I just would like to know two things:
- How can I deal with this thing? I mean is there like .. . some mental yoga or whatever method I can use to just go back to not caring that much about not having a sexual active life (which I've wanted since I'm like 15)
- How can I explain what I feel to my girlfriend? She doesn't really understand what I go through.
I'll be waiting for your answer. THANKS!
Hi Miguel, it looks like you're fighting some serious peer pressure. Despite all of our progress towards gender equality and rights, we still have some pretty wacked double-standards in our society. There's the double-standard that says that women who have lots of sex are whores, and men who abstain from sex are wimps. Culturally speaking, there's not much to defend the lot of us who make our own choices and follow through with them.

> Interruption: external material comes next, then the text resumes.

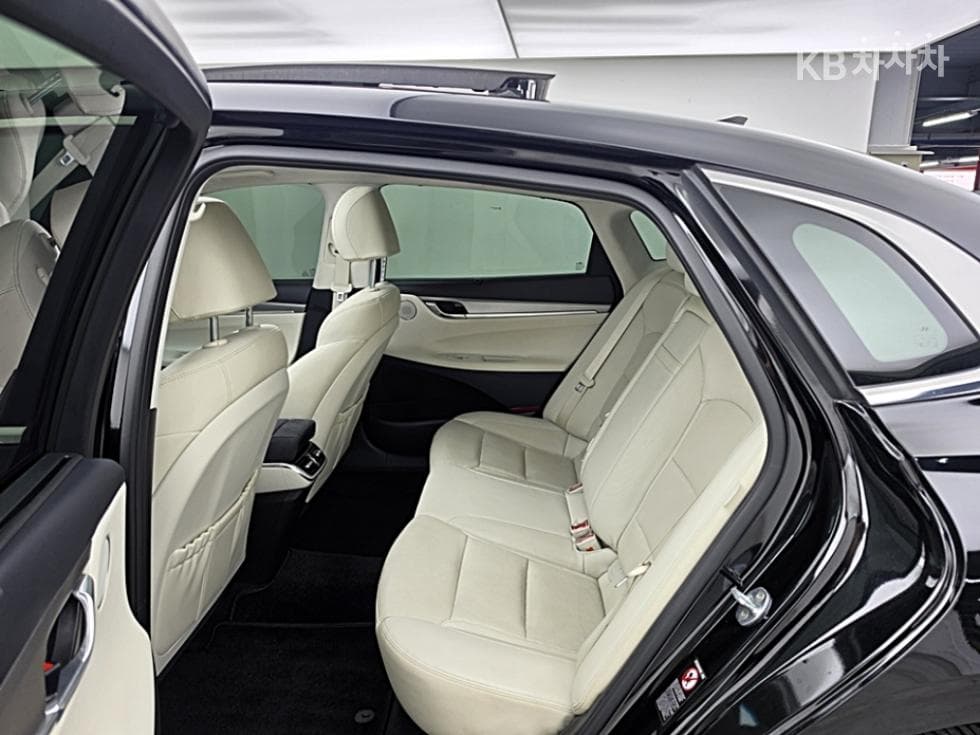 Hyundai The New (facelift) Grandeur (Azera)3.3 Le Blanc - 12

I applaud you for respecting your partner so much that you can enjoy a romantic relationship with each other without pressuring each other for sex. But it's going to take a lot of will-power and resolve to fight a culture that wants you to go screw around. The biggest glaring thing I recognize here is that your desire to have sex with your girlfriend isn't based in your own desire to have sex. Mostly, it's because external influences and your environment are telling you to have sex. This is not the way to have a healthy sex life.
The choice you make to have sex should be done exclusively on your own terms (with your partner making the same decision on her terms, of course -- then you get together and "settle" your agreement).
Ultimately, you really just have to tell the world to sod off. Remind yourself constantly that you make your own decisions. Remind yourself that this matter is private and personal to you and it is nobody else's business. And try to kick the notion that a man is defined by his sexual conquests. It's shallow -- it demeans every man who was ever proud to define himself by his moral fiber, intellect and real accomplishments.
YOU ... ARE ... MORE ... THAN ... SEX.
As for explaining what's in your head to your girlfriend, you could argue that as a woman, she may never fully understand what it is to be a man because she's not experienced it. But try to explain that you're fighting a lot of cultural pressure to conform, and that you're fighting it with all you've got. She'll appreciate the effort and appreciate you for caring so much and being so respectful of her feelings.